In the next experiment, the relative amounts of the hPSF-binding RNAs were measured by real-time RT-PCR in 2 human fibroblast lines and 9 human tumor lines (Fig. 7), Each tumor line expresses high levels of several hPSF-binding RNAs, as compared to the levels in the fibroblast lines, and the pattern of expression differs among the tumor lines, suggesting that different groups of hPSF-binding RNAs contribute to the tumorigenicity of each tumor line.
Fig. 7.
Expression of human hPSF-binding RNAs in human cells. (A) L1PA16. (B) MALAT-1. (C) HN. (D) Unidentified. (E) MER11C. Bar 1: BJ: fibroblast. Bar 2: HPF: primary foreskin fibroblast. Bars 3–6: A2058, SKmel28, YU-SIT1, and yusac melanoma lines. Bars 7–9: SMMC-7402, SMMC-7721, and HepG2: hepatocellular carcinoma lines. Bar 10: MCF7: breast tumor line. Bar 11: A549 non-small cell lung tumor line. Bars 2–11 show the amounts of hPSF-binding RNAs relative to the amount in Bar 1. The procedure is described in Materials and Methods.

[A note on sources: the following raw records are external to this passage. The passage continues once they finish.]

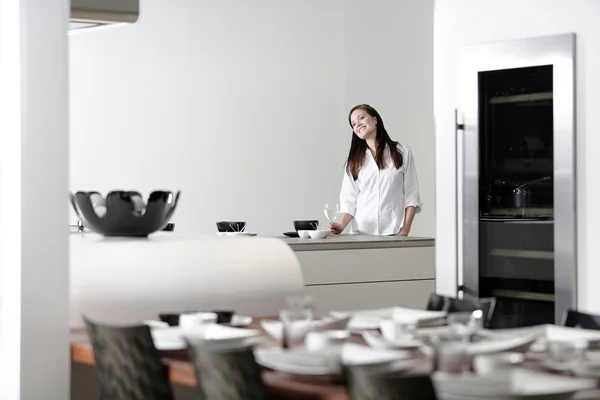 Mulher em sua cozinha elegante — Fotografia de Stock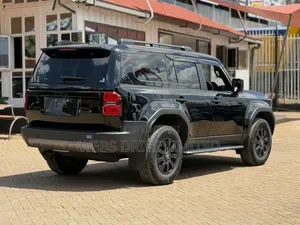 Toyota Land Cruiser Prado 2.8 2024 Black
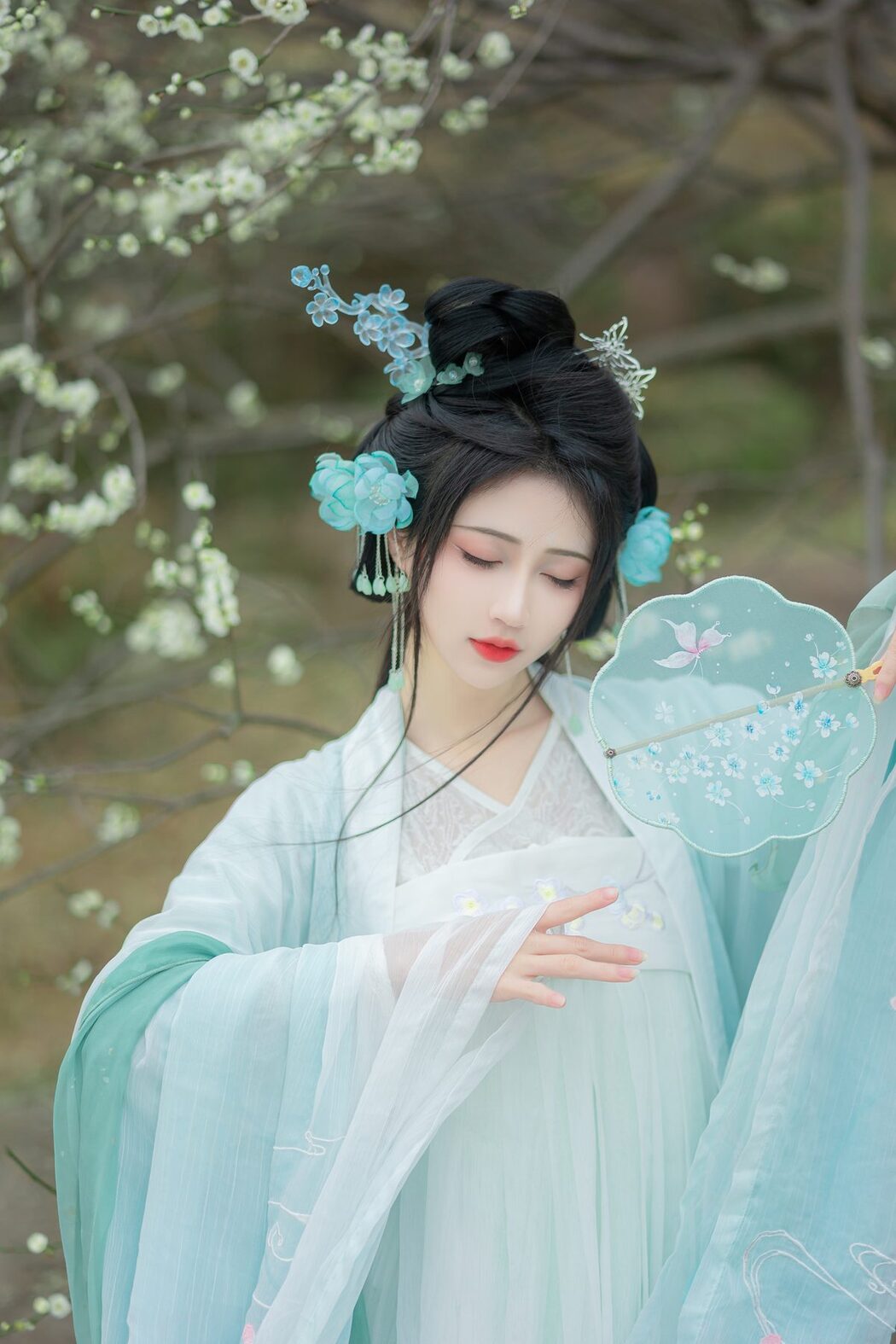 YiTuYu艺图语 Vol.5774 Qi Luo Sheng De Xiao Su Su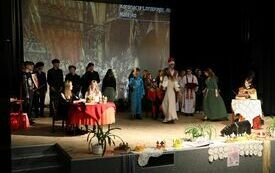 Na scenie uczniowie odgrywają scenkę teatralną koronacji Bolesława Chrobrego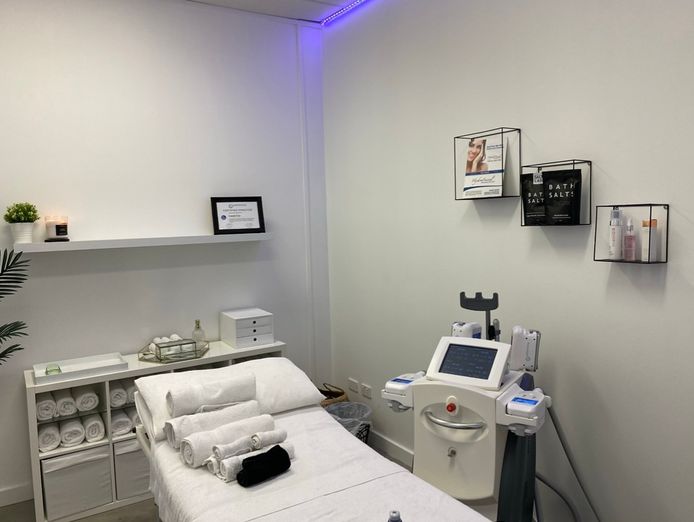 beauty-hair-wellness-clinic-1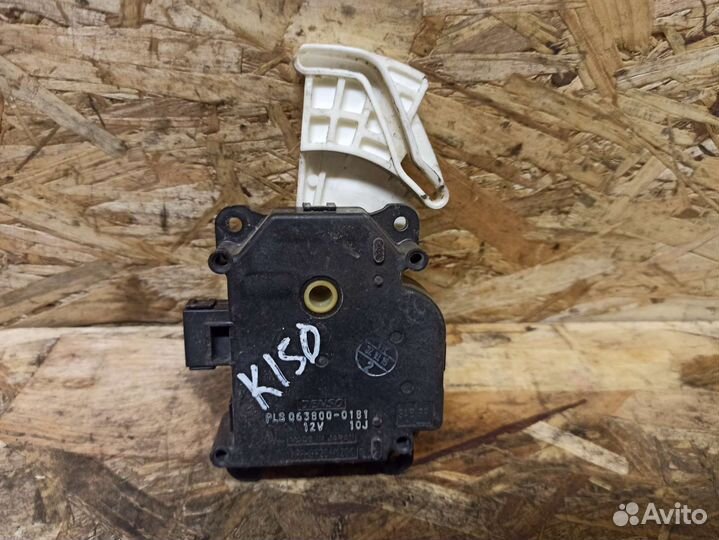 Сервопривод заслонки Toyota Corolla E150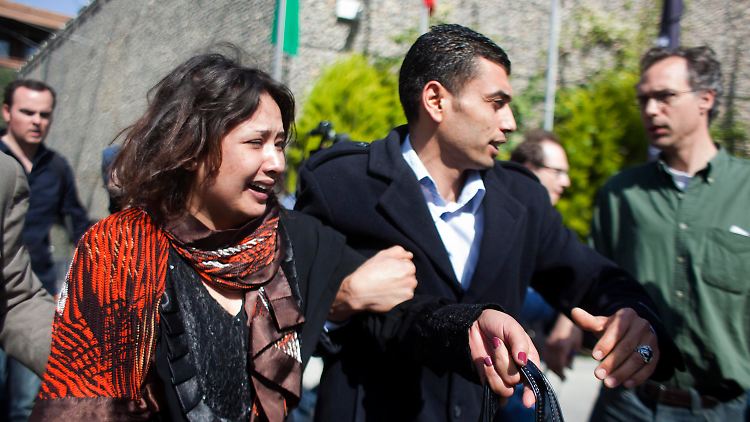 Tripolis, 26. März: Ein Mitarbeiter des Informationsministeriums führt Al-Obaidi ab.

Because a decrease in hPSF protein, as well as an increase in hPSF-binding RNAs, could contribute to the tumorigenicity of human tumor cells, the relative amounts of hPSF mRNA were measured in the fibroblast and tumor lines (Fig. 8). The amount of hPSF mRNA did not decrease in 8 of the 9 tumor lines tested, compared to the fibroblast lines, and decreased only partially in the remaining tumor line, suggesting that a decrease of hPSF protein does not contribute to the tumorigenicity of human tumor cells.
Fig. 8.
Expression of hPSF in human cells. The cells for each bar are the same as in Fig. 7. Bars 2–11 show the amounts of hPSF mRNA relative to the amount in Bar 1.
Discussion
Related studies described a mechanism for reversible regulation of proto-oncogene transcription, involving the protein hPSF that binds to the regulatory region of a proto-oncogene and represses transcription, and VL30–1 RNA, a mouse noncoding retroelement RNA, that binds to hPSF, forming a hPSF/RNA complex that dissociates from a proto-oncogene, activating transcription (2–5). Because VL30–1 RNA is not encoded in the human genome (7), we screened by affinity chromatography a library of RNA fragments, derived from the RNA of a human tumor cell nucleus, for RNAs that bind to hPSF. The screen isolated 5 such human RNAs that release hPSF from a proto-oncogene and activate transcription, similar to VL30–1 RNA (Figs. 1 and 2, and SI Text). Each hPSF-binding RNA fragment maps to a matching sequence in a human gene, of which 4 have been characterized: L1PA16 and MER11c are noncoding retroelement genes, MALAT-1 is a noncoding gene, and HN encodes humanin, a small peptide (8–12); the HN RNA fragment is derived from the noncoding 3′UTR of the HN gene.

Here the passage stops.